After finally landing electricity bill relief for most Norwegians, Prime Minister Jonas Gahr Støre could also announce state investment of more than NOK 1 billion in projects that will produce and use hydrogen as an energy source. Three major companies behind the industrial projects will use hydrogen as part of Norway’s efforts to move away from fossil fuels and fight climate change.
Støre has been promoting more use of hydrogen, not least at the recent UN Climate Summit in Glasgow. “What we’re doing here today is delivering on marching orders from the climate summit in Glasgow, where the message we got was to turn words into action,” Støre said, adding that the projects can also both cut emissions and create jobs.

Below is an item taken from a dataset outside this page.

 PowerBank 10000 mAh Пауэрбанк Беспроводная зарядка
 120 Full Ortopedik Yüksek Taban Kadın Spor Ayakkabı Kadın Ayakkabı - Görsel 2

The state energy investment company Enova will distribute up to NOK 283 million to industrial firm Yara Norge (in which the state also holds a major stake), NOK 261 million to TiZir Titanium and Iron, and NOK 482 million to Horisont Energi. State broadcaster NRK reported that another NOK 1.6 billion has also been allocated to the three companies’ hydrogen projects through the research council Forskningsrådet, Innovation Norway, Enova itself and Gassnova, triggering an additional NOK 2 billion from the business sector.

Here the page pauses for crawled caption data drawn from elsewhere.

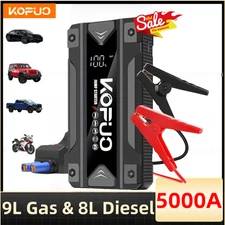 5000A Car Jump Starter Auto Battery Booster LED Power Bank Pack USB Fast Charger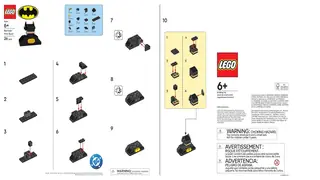 LEGO DC 6644878 Batman Mini Bust building instructions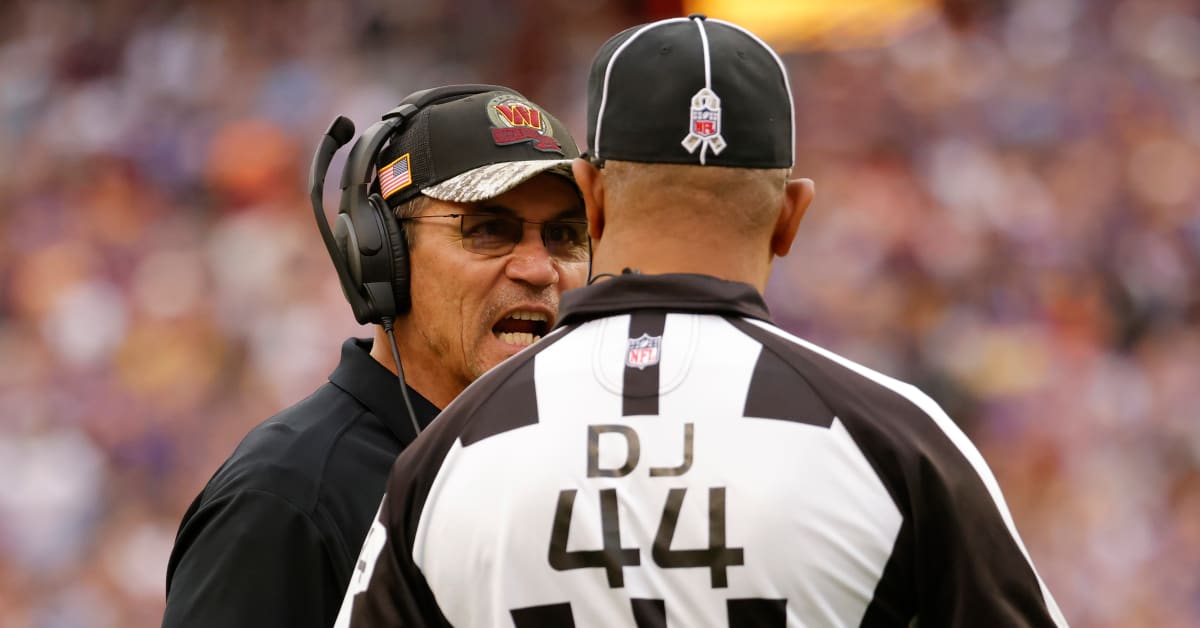 Ron Rivera blasts officiating after Commanders got screwed vs Vikings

Hydrogen has been launched as an alternative to electric motors, gasoline, oil and natural gas. When used as fuel, its steam generates the only emissions and is therefore viewed as climate-friendly as long as it’s produced through a low-emission process. Yara, for example, plans to use hydrogen in its production of ammonia at its Herøya plant in Porsgrunn, southwest of Oslo, and to produce emissions-free fuel for shipping and carbon-free fertilizer for agriculture.
TiZir, meanwhile, is running a project in Tyssedal that would use hydrogen instead of coal in production of iron, through a process that can cut emissions not only in Norway but also internationally. Its project is one of the first from Norway to be included as an IPCEI (Important Project of Common European Interest) project for industrial use of hydrogen and can be a prototype for others.
Horisont Energi is working with state oil company Equinor and Vår Energi to build a full-scale plant called Barents Blue for low-emission ammonia production outside Hammerfest. The project will use new and energy-efficient technology in connection with access to gas and the capture and storage of carbon dioxide. The ammonia can be an important and green source of energy in several sectors, also within shipping and process industry.
Reaction to the hydrogen plans was positive, with environmental organization Bellona calling them “extremely important” for the development of a hydrogen industry in Norway and Europe. The projects chosen represent industries and technology needed to reach Norway’s climate coals, said Frederic Hauge of Bellona.
“Production and use of low-emission hydrogen must occur in tandem,” Hauge said. “Enova has understood that, and this gives the project portfolio high demonstration value both in Norway and Europe.”
Espen Barth Eide, Støre’s government minister in charge of environmental and climate issues, said the “transition to a zero-emission future” demands implementation of climate and industrial policy. “The government wants Norway to succeed at grabbing opportunies in the green shift,” Eide said. Government funding of serious projects can help that happen, he noted.